== The data ==

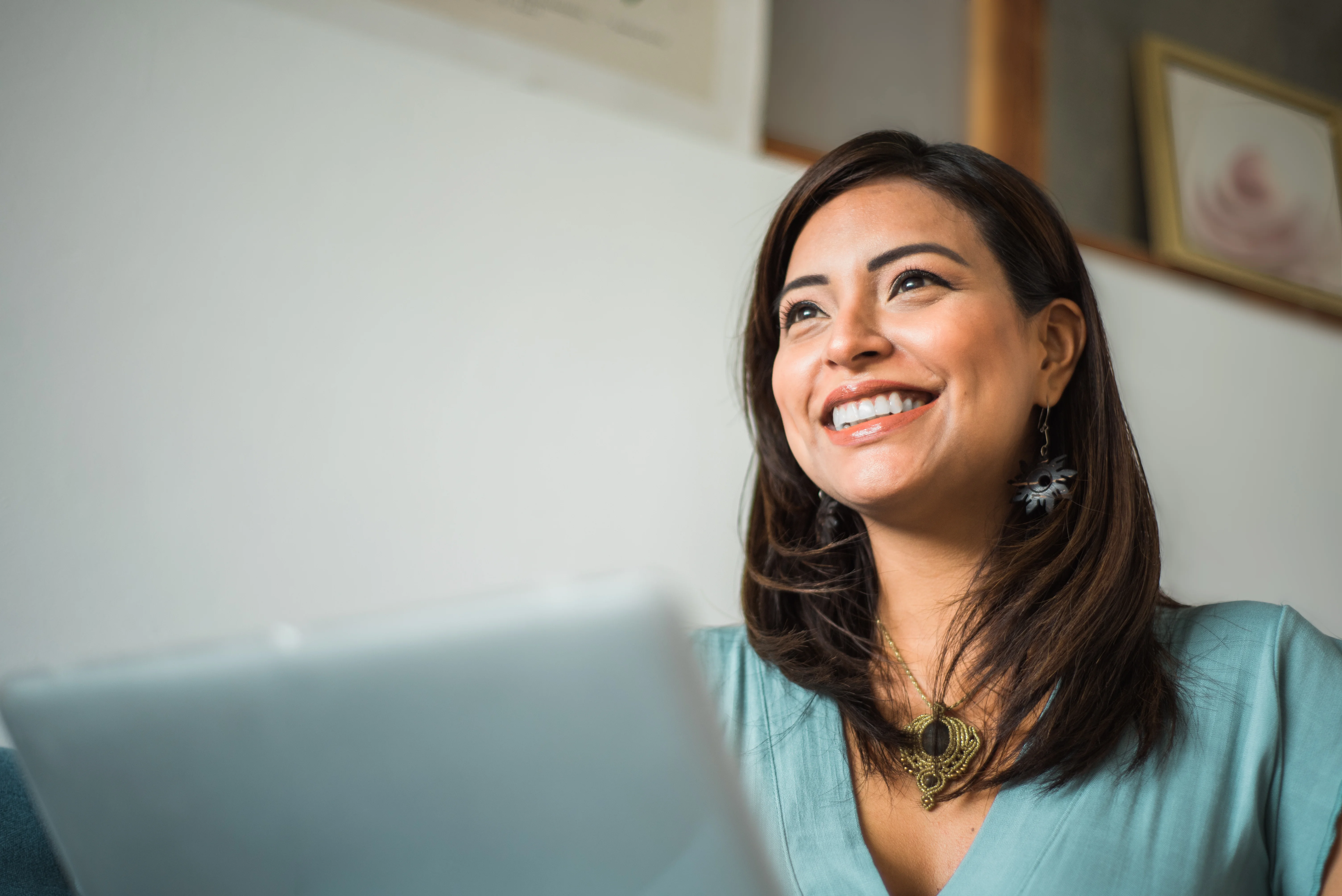 Smiling woman looking upwards beside a laptop in a bright room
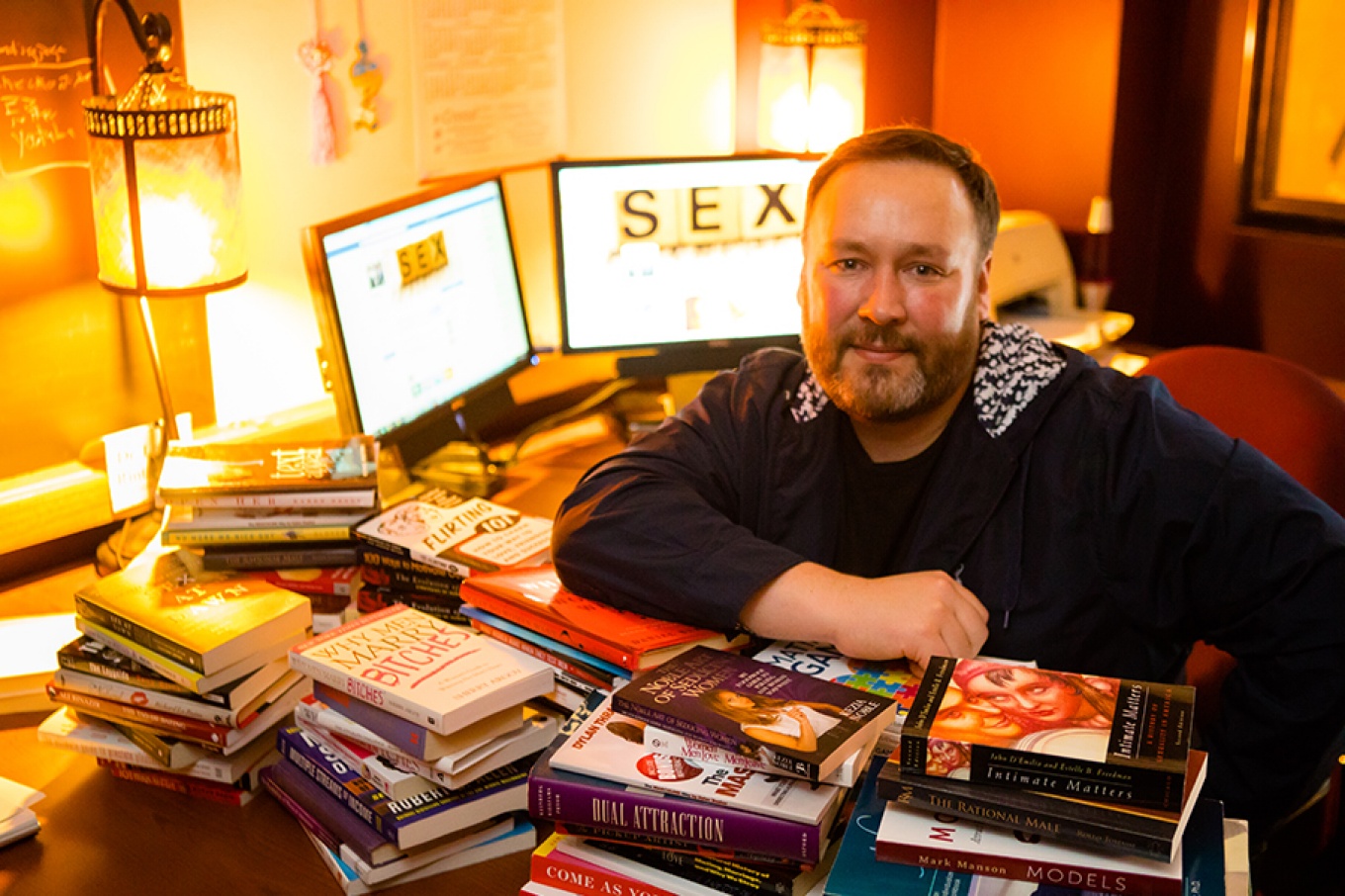 Lance Rintamaki in his office, books strewn across his desk, the word SEX visible on a computer behind him.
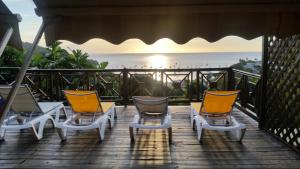 a group of chairs on a deck with the ocean at villa marguerita in Deshaies +7 photos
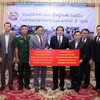 Vietnamese community in Laos donate for flood victims 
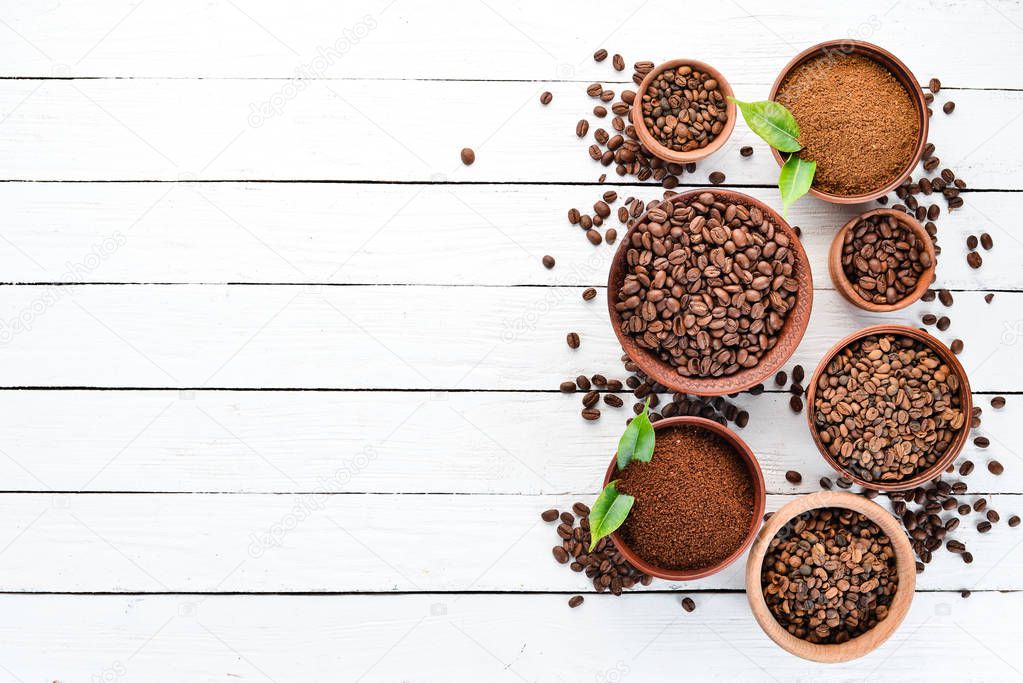 Ground coffee and coffee beans. On a white wooden background. Top view. Free space for your text.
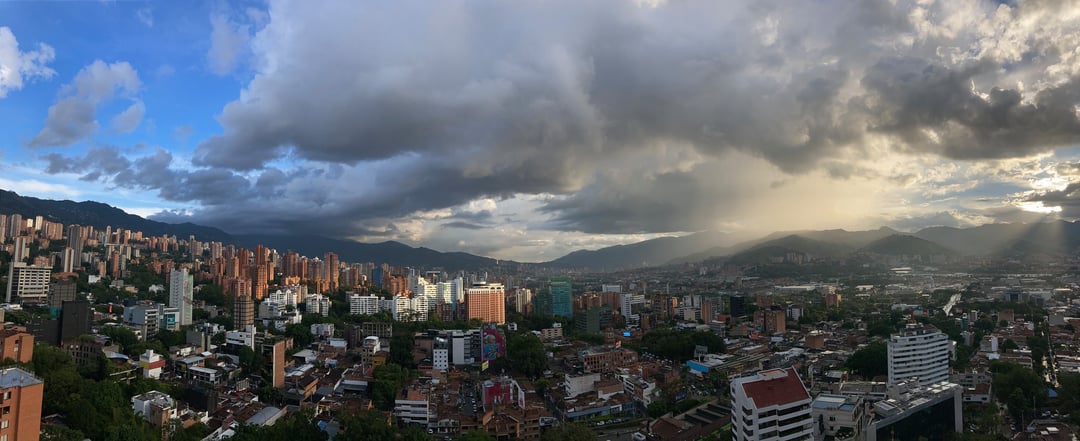 Medellin, Colombia city skyline and mountains under a dramatic cloudy sky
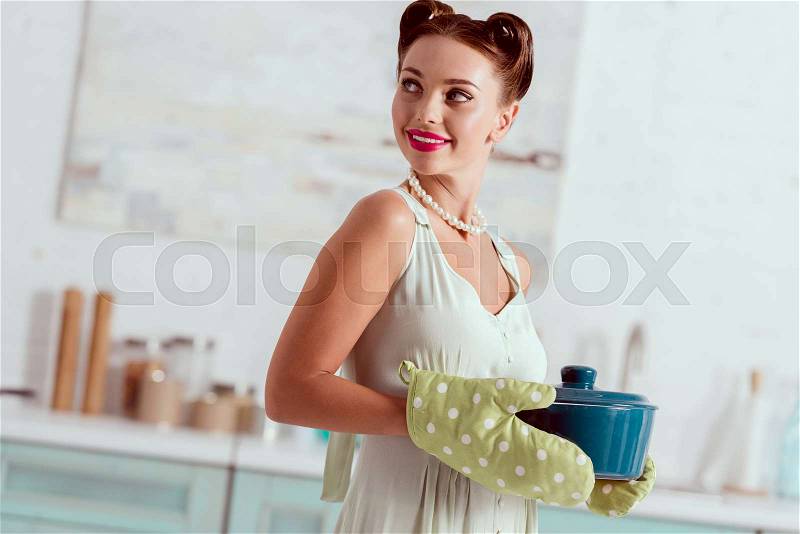 Smiling pin up girl standing in kitchen and holding pot , stock photo
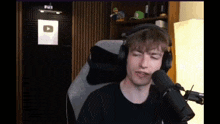 a man wearing headphones is sitting in a chair in front of a microphone in a room .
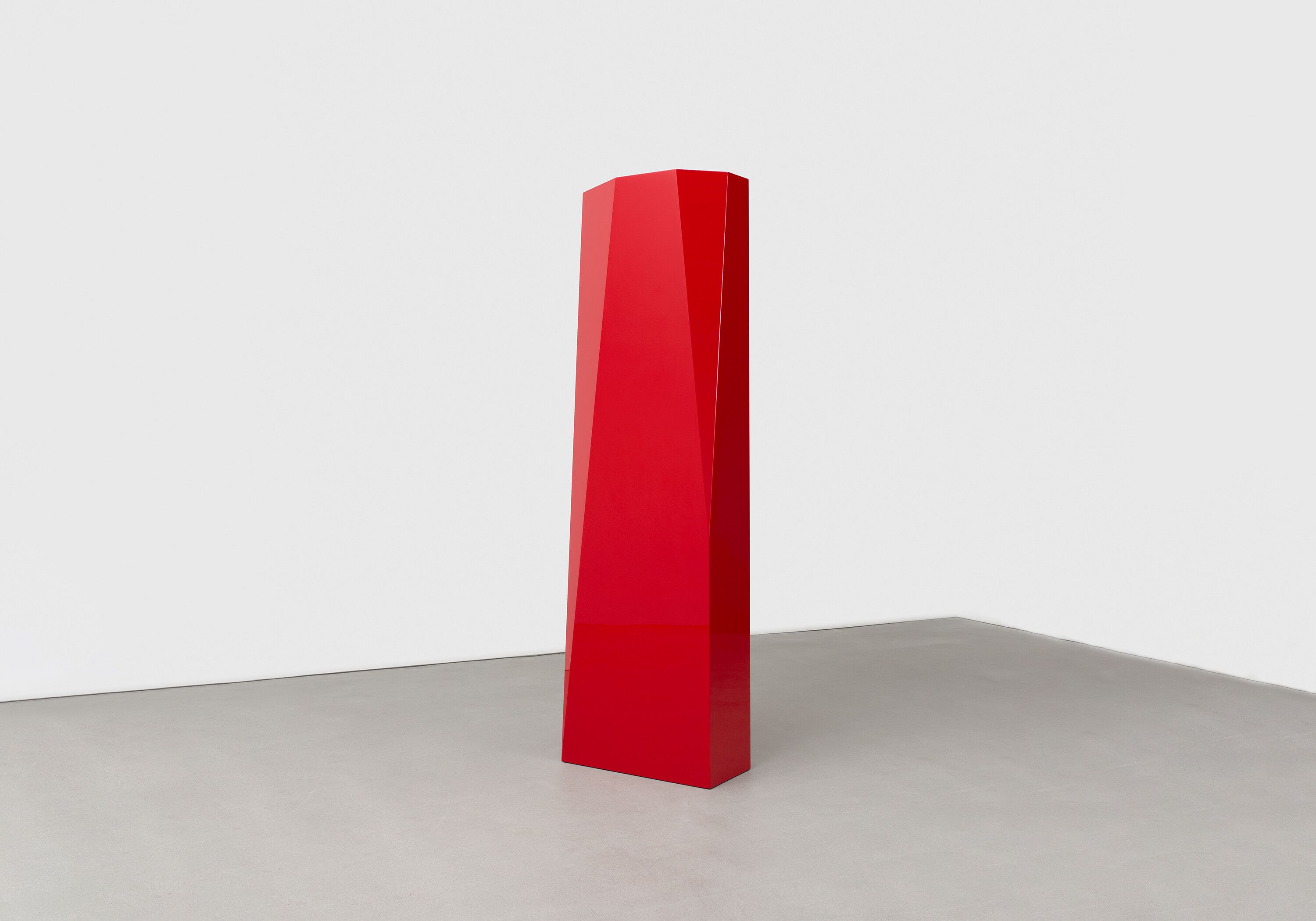 A mixed media sculpture by John McCracken, titled Chieftain, dated 1992.
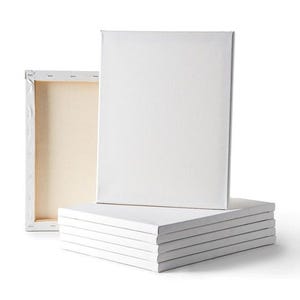 a stack of white cards sitting next to each other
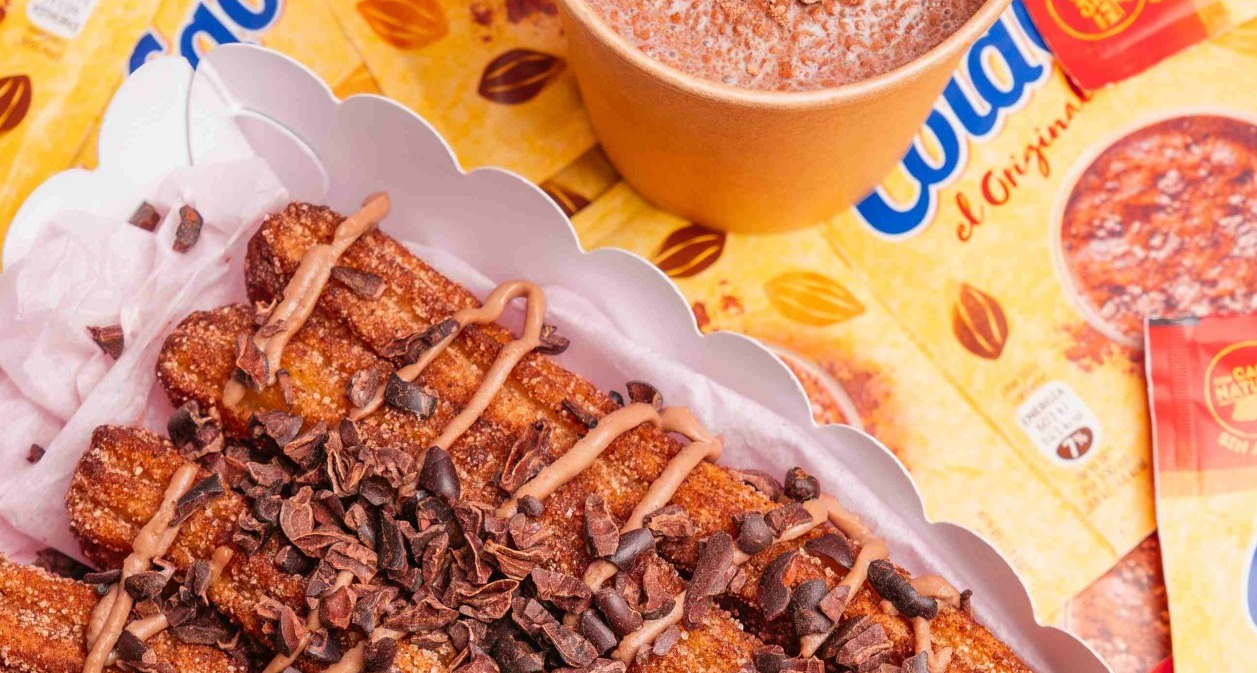 Un bodegón de churros con un vaso de ColaCao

===

- **What you should do**: From the line with "Ground coffee and" down to the end of the entries, retype each line exactly as written, but drop the pictures.

- **Answer box**:
 Ground coffee and coffee beans. On a white wooden background. Top view. Free space for your text.
 Medellin, Colombia city skyline and mountains under a dramatic cloudy sky
 Smiling pin up girl standing in kitchen and holding pot , stock photo
 a man wearing headphones is sitting in a chair in front of a microphone in a room .
 A mixed media sculpture by John McCracken, titled Chieftain, dated 1992.
 a stack of white cards sitting next to each other
 Un bodegón de churros con un vaso de ColaCao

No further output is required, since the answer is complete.